Our orchestration consists of a number of instruments rallying from:
Xylophones (melodic percussion)
The xylophone also called ‘amadinda’ is one of the key instruments used in the Africa orchestra, from which all other instruments pick key to play in harmony. Its size ranges from the smallest 9-12 slabs and the big one from 15-22 slabs. It’s mainly used by the Basoga (Eastern Uganda) and the Baganda (Central Uganda).
Thumb piano (melodic percussion)
The instrument also called akogo or likembe is made out of wooden box and metallic pieces which are tuned to produce very beautiful sound. Its also one of those instruments you can find in almost all the parts of Africa.
Shakers (Ensansi, Acacence, Ebinyege)
These take on different forms which include the gourd shakers traditionally called ensaasi, rattles (binyege) that are mainly tied on men’s legs while dancing, and acacencce which is made out of a stick box and small metallic balls. These percussive instruments help in exciting other instruments while playing in a group.
Drums (membrano phones)
Traditionally called engoma, are the commonest modes of accompaniment used in all dances and songs in Africa. Traditionally, they were used as a mode of communication calling on people for communal work, meetings, alert them about danger and also entertainment. Drums take on the different forms and shapes depending on the region and the part of the continent they came from. Drums are a royal symbol of leadership.
Tube Fiddle, endingidi
This is the one the those very popular instruments found in almost all cultures of Uganda. It is a single stringed instrument whose string can be adjusted by tightening and loosening to produce a fixed pitch from which other tonal sounds can be found by touching in different positions of the string with one finger.
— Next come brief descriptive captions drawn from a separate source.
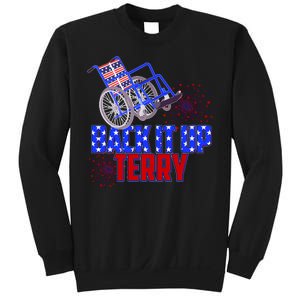 Back It Up Terry Fourth of July Fireworks Sweatshirt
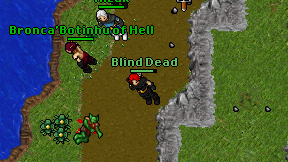 Blind Dead on screen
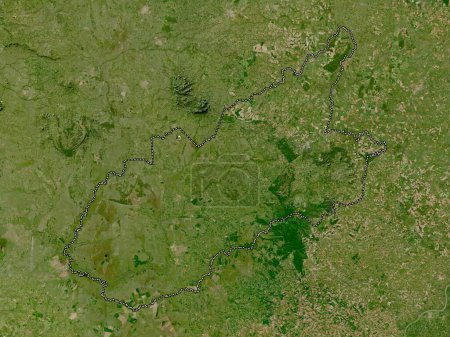 Foto de Caazapa, department of Paraguay. Low resolution satellite map - Imagen libre de derechos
It has got one string that is rolled up and down to make a network of strings on the instrument. It is played as solo and mainly accompanies African poetry, recitations and sometimes used to accompany the Kizino dance among the Bakiga from Kigezi hills of Kabale. (Western Uganda).
Bow harp, adungu
The adungu is believed to have originated from South Africa through Dr Congo then to Uganda. The technique of playing this instrument is by plucking its 9 strings and sounds beautiful when played in harmony. It is a widely played instrument through out Africa.
Endongo/ Entongori has 8 Strings and when played, it produces sound that gives a feeling of small rain drops falling on a roof. It’s believed to have originated from Busoga – Eastern Uganda to Buganda – Central Region. It can be played as a solo instrument or as accompaniment to mainly Embaga dance among the baganda.
This is one of the most popular instruments in the world. It is found in almost all cultures of the world and was one of the instruments that were played during the migration period in Uganda. It gave people company while they moved from place to place. It is the most versatile instrument mainly made out of wood known as Bamboo.
They are also called Ekwanzi traditionally. They consist of Bamboo sticks cut and pitched to sound a particular musical note. They are mainly played by the young people as part of the fun and also can colour with sweet sounds in the accompaniment of songs and dances in Uganda.
The magical African trumpet traditionally called Agwara is one of the exciting instruments that when played in a set, they produce sound that gives a feeling of swam of bees moving in the air. It originates from the West Nile. There are also the horns traditionally called Amakondere that originate from Bunyoro and Toro. These are mainly used in processions.